3.7 Calling a Web API

In the previous section we explained how to download individual files from the Internet. Another way data can come from the Internet is through a web API, which stands for Application Programming Interface. The number of APIs that are being offered by organizations is growing at increasing rate, which means a lot of interesting data for us data scientists.

Web APIs are not meant to be presented in nice layout, such as websites. Instead, most web APIs return data in a structured format, such as JSON or XML. Having data in a structured form has the advantage that the data can be easily processed by other tools, such as jq. For example, the API from https://randomuser.me returns data in the following JSON structure.

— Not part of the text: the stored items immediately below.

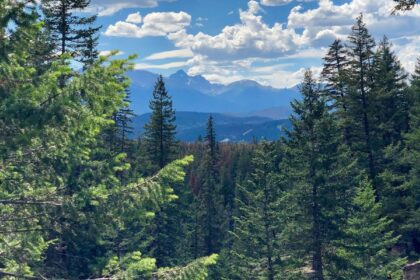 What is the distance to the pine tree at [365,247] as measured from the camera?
21.3 m

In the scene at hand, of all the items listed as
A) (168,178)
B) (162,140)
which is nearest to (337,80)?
(162,140)

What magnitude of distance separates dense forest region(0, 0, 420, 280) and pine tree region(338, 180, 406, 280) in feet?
0.28

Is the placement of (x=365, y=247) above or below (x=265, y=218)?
below

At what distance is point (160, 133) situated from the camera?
3431 cm

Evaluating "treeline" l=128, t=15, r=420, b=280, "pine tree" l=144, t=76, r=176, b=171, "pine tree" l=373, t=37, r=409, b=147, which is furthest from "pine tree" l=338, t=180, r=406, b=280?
"pine tree" l=144, t=76, r=176, b=171

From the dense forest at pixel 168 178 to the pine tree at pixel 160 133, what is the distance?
0.09 metres

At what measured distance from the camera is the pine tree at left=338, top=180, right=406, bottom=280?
69.9 ft

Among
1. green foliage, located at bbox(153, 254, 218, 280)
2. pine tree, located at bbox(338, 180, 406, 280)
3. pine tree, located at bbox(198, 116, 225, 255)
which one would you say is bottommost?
pine tree, located at bbox(198, 116, 225, 255)

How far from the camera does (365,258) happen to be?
71.9ft

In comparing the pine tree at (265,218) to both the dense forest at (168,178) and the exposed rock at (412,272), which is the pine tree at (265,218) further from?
the exposed rock at (412,272)

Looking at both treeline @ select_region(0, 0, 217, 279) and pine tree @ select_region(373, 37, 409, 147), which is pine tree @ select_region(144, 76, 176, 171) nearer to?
pine tree @ select_region(373, 37, 409, 147)

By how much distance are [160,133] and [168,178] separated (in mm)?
25477

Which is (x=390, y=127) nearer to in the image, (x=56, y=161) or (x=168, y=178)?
(x=168, y=178)

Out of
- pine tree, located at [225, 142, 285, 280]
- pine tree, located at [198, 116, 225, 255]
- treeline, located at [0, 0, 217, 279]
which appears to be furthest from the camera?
pine tree, located at [198, 116, 225, 255] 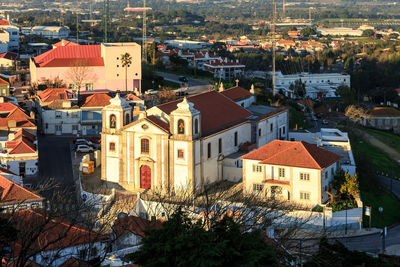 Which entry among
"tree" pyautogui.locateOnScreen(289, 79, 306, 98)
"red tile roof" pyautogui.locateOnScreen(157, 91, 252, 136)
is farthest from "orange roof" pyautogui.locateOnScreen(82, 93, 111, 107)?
"tree" pyautogui.locateOnScreen(289, 79, 306, 98)

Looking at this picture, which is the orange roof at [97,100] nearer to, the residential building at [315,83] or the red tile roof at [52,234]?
the red tile roof at [52,234]

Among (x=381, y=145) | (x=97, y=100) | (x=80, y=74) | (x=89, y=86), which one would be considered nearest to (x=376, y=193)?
(x=381, y=145)

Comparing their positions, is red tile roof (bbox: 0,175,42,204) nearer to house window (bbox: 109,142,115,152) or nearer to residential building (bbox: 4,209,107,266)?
residential building (bbox: 4,209,107,266)

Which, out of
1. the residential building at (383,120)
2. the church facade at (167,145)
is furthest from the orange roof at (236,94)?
the residential building at (383,120)

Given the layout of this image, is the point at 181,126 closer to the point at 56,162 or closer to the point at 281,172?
the point at 281,172

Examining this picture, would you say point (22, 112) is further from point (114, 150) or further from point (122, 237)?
point (122, 237)

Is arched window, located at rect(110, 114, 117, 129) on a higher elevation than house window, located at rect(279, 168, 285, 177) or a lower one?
higher

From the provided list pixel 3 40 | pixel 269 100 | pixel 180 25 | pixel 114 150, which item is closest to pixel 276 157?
pixel 114 150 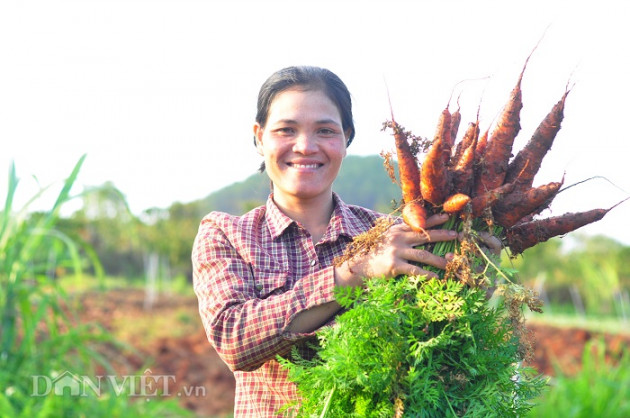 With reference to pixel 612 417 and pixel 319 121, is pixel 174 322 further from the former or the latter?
pixel 319 121

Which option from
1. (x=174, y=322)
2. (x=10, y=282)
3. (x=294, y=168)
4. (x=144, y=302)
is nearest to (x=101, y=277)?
(x=10, y=282)

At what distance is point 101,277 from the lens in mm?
4051

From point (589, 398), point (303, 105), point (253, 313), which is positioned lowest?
point (589, 398)

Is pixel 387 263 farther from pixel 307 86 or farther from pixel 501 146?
pixel 307 86

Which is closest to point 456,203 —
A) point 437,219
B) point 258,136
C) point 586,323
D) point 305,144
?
point 437,219

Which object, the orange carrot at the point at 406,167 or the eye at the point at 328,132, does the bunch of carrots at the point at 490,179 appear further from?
the eye at the point at 328,132

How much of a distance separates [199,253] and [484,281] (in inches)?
39.2

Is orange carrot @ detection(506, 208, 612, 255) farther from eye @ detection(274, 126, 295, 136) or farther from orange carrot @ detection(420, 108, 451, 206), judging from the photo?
eye @ detection(274, 126, 295, 136)

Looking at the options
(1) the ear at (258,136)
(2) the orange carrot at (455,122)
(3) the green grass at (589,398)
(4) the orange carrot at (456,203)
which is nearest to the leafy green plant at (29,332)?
(1) the ear at (258,136)

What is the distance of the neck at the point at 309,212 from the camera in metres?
2.37

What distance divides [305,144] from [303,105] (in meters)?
0.14

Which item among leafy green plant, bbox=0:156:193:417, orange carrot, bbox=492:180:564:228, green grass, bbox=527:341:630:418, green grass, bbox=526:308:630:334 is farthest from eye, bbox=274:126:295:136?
green grass, bbox=526:308:630:334

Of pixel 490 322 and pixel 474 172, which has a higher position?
pixel 474 172

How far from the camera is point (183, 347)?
34.6 ft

  1. $ curl -s https://randomuser.me/api/1.2/ | jq .
  2. {
  3. "results": [
  4. {
  5. "gender": "male",
  6. "name": {
  7. "title": "mr",
  8. "first": "jeffrey",
  9. "last": "lawson"
  10. },
  11. "location": {
  12. "street": "838 miller ave",
  13. "city": "washington",
  14. "state": "maryland",
  15. "postcode": 81831,
  16. "coordinates": {
  17. "latitude": "81.9488",
  18. "longitude": "-67.8247"
  19. },
  20. "timezone": {
  21. "offset": "+4:00",
  22. "description": "Abu Dhabi, Muscat, Baku, Tbilisi"
  23. }
  24. },
  25. "email": "jeffrey.lawson@example.com",
  26. "login": {
  27. "uuid": "78918f6c-2658-4915-bebf-bfaa61a1624c",
  28. "username": "silverzebra774",
  29. "password": "treble",
  30. "salt": "iAtIKhvB",
  31. "md5": "4c02abeca4d6ca4dbfc0ddb33dcef29f",
  32. "sha1": "36e109513abf73df460cead89b78c749abe908fa",
  33. "sha256": "0155d9e6cabedfc3ad0f21d18b3ca3e738a8f17811dd57dc3b4dd386cd021963"
  34. },
  35. "dob": {
  36. "date": "1996-07-04T02:49:46Z",
  37. "age": 22
  38. },
  39. "registered": {
  40. "date": "2013-01-13T13:37:21Z",
  41. "age": 5
  42. },
  43. "phone": "(406)-041-2792",
  44. "cell": "(831)-085-8264",
  45. "id": {
  46. "name": "SSN",
  47. "value": "629-40-9671"
  48. },
  49. "picture": {
  50. "large": "https://randomuser.me/api/portraits/men/62.jpg",
  51. "medium": "https://randomuser.me/api/portraits/med/men/62.jpg",
  52. "thumbnail": "https://randomuser.me/api/portraits/thumb/men/62.jpg"
  53. },
  54. "nat": "US"
  55. }
  56. ],
  57. "info": {
  58. "seed": "4bd9f66fd83a6ec7",
  59. "results": 1,
  60. "page": 1,
  61. "version": "1.2"
  62. }
  63. }

The data is piped to a command-line tool jq in order to display it in a nice way. jq has many more possibilities that we will explore in Chapter 5.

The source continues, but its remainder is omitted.